La más importante fue del barranquillero Helmut Bellingrodt al conseguir plata en tiro deportivo (jabalí), la segunda fue del boxeador Clemente Rojas en la categoría 57 kilogramos y la tercera de Alfonso Pérez en la división de los ligeros (60 kilogramos). Tres deportistas de la Costa Caribe pusieron en alto la bandera de Colombia en Alemania y Alfonso Pérez la de Bolívar.
Además, hay que decir que Alfonso Pérez fue el abanderado de Colombia en esas justas por los logros internacionales que había conseguido.
Este hecho histórico merece ser recordado por las muevas generaciones que no conocieron al apodado, luego de este hecho, como El Olímpico Alfonso Pérez.
Lo visitamos en su residencia, en el barrio El Carmelo de Cartagena, para saber cómo está y qué recuerda de ese acontecimiento para el deporte colombiano.

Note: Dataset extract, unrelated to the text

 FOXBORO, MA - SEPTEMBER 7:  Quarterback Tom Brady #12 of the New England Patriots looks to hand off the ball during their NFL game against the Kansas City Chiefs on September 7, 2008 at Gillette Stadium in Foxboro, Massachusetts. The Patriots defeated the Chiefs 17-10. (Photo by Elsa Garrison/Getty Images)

Su compañera sentimental desde hace 32 años, Cecilia Ahumada, nos atendió amablemente y fue quien nos ayudó en la entrevista con El Olímpico ya que debido a una isquemia cerebral ocurrida antes de la pandemia del Covid-19, su capacidad para recordar está muy disminuida.

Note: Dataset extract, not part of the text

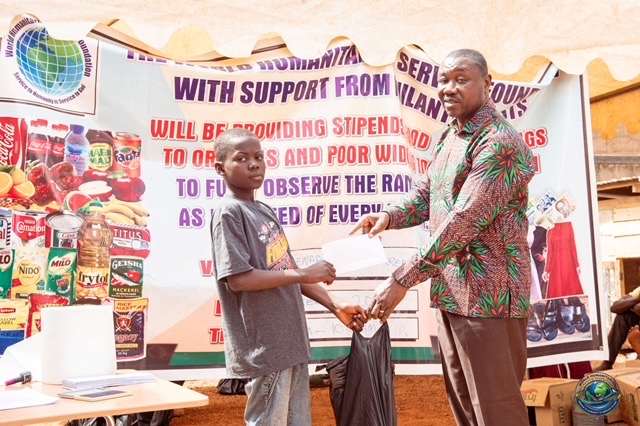 Young orphan receiving a stipend envelope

En lo que pudo acordarse de ese hecho, el exboxeador nos dijo: “recuerdo que esa medalla fue muy especial porque fue un hecho grande para mí. Estoy muy contento. Cuando llegué a Cartagena eso fue muy bonito porque la gente me brindó mucho cariño. El alcalde y el gobernador me recibieron y me homenajearon. También el presidente (Misael Pastrana Borrero) me felicitó”.
Sobre su polémico combate ante el húngaro Laszlo Orbán explicó que “yo me sentía ganador. Yo tenía la pelea ganada porque supe meter buenos jabs y golpes fuertes con la derecha. Me sorprendí cuando el árbitro le levantó los brazos a él. Esa pelea me la robaron. Se me fue el oro”, dice con sentimiento.
Su cara cambió al recordar ese momento triste del famoso pleito que pudo cambiar la historia de su carrera en el pugilismo si le hubieran dado el triunfo.